Posted: Wed Jun 20, 2012 1:33 pm
by tutungzone
All,
New to the forums, but been an active user of Nagios for 7 years. We have recently upgraded and have some new checks that we want done, and a question has come up. It may be easier to give an example of what I am looking for than to describe it:

-- Service check hit it's interval and found that a service is in warning, then in critical state and sends notification :shock:
-- Administrator gets the notification and finds that there is nothing he can do at the moment and acknowledges the service issue :?
-- The service does not recover, for many hours, and the administrator has forgotten about it :o
-- Since the acknowledgement the service has now been in this state for 13 hours, and has bombed affecting customers :o

What would be nice (and it may already be possible and I am not aware of it) is if the service did not recover by a timeout interval (or by next standard check interval), the acknowledgement is canceled and it starts sending notifications again. My thought is that if you are to acknowledge an issue, it should be resolved in a period of time... say 10-60mins. If it is not fixed in this period, the service should really be considered for downtime instead.

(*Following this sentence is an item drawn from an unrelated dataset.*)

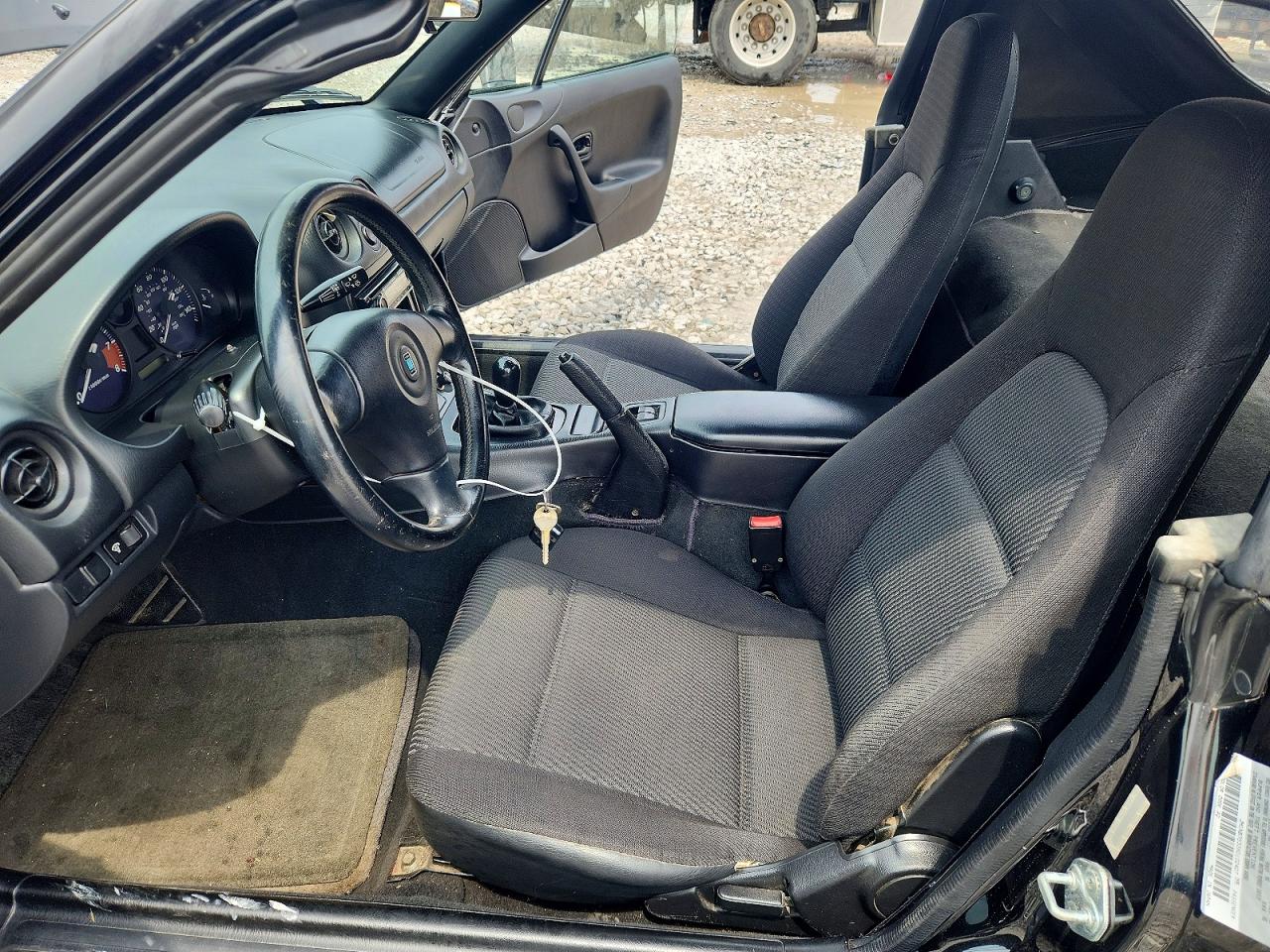 1999 Mazda Mx-5 Miata Черный vin: JM1NB3533X0102407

Can someone help me with this, or is this a function already in place that I can modify some values? If nothing else, would be an excellent feature in the next release, especially with a work-around for previous releases. Your help is appreciated.

Re: Global acknowledgement timeout...

Posted: Wed Jun 20, 2012 2:38 pm
by agriffin
I don't think this is currently possible. You should create an official feature request on Nagios Core's bug tracker, though. The main Nagios developers don't tend to browse this forum (they use the mailing lists instead).